"Nikahi aku; kali ini aku ingin memiliki istri," kata Henri dengan tegas dan percaya diri.
"Aku akan melunasi semua utangmu; menanggung tagihan medis keponakanmu dan segala yang kamu butuhkan. Tapi aku juga mendengar bahwa kamu bersumpah untuk tidak menikahi siapa pun, jadi terserah kamu apakah kamu ingin tetap menikah atau tidak setelah beberapa waktu. Tapi jika kamu memutuskan untuk menikahi aku, aku akan mengharapkanmu untuk melakukan tanggung jawab pernikahanmu."
Henri mengucapkan kata-kata ini untuk melihat bagaimana reaksinya. Dan dia sangat menikmatinya.
"M-Meni...kah denganmu? T-Tanggung... jawab pernikahan?" Amy hanya bisa mengulangi apa yang dia katakan, dia kehabisan kata-kata melihat bagaimana situasi mereka berlangsung.
"Jika kamu memutuskan untuk tetap menikah denganku setelah satu tahun daripada bercerai, aku akan meminta seorang ahli waris atau mungkin dua lagi," ujarnya secara santai.
Amy belum pulih dari pernyataan sebelumnya, dia menatapnya dengan wajah bingung.

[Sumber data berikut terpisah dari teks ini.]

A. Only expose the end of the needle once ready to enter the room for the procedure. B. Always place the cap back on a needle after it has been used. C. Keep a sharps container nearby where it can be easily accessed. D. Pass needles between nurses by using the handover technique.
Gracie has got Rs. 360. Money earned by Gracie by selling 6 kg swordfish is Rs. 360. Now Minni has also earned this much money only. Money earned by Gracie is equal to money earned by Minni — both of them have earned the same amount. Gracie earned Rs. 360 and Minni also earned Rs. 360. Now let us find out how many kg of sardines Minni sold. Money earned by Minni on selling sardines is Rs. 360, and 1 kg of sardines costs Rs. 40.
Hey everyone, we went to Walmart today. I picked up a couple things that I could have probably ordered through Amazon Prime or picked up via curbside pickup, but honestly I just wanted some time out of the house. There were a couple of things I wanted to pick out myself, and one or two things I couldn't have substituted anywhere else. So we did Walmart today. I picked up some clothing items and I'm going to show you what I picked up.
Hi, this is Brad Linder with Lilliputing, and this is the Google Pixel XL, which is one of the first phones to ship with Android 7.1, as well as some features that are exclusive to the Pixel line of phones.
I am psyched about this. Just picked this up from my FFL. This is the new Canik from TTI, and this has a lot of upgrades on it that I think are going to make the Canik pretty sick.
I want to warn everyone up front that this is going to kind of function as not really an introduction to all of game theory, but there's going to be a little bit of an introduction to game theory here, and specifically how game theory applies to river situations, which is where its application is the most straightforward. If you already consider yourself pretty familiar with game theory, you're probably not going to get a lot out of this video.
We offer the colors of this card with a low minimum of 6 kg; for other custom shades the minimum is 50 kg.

'Menikah dengan dia? Tanggung jawab pernikahan? Dan sekarang bayi? Apa-apaan ini?!'
Amy merasa sakit kepala datang dengan semua tuntutan yang dia terima dari Henri.

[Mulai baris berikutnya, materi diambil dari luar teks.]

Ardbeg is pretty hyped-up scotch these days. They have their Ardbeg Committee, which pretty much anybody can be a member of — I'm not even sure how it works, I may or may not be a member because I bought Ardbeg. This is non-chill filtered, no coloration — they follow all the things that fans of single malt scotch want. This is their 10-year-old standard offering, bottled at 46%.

Dia mulai memijat kedua pelipisnya dengan gerakan melingkar dan aksinya tidak luput dari perhatian Henri yang membuatnya tersenyum.
'Dia sedang mempertimbangkan lamaranku. Aku perlu meyakinkannya lebih lagi.'
"Jangan terlalu khawatir. Kamu tidak perlu hamil untukku. Aku bisa mendapatkan seorang ibu pengganti jika itu yang kamu khawatirkan. Kita bisa memperpanjang kontrak sampai ahli warisku lahir."
Dia menawar dengan berpikir itu akan membuat Amy mengatakan ya.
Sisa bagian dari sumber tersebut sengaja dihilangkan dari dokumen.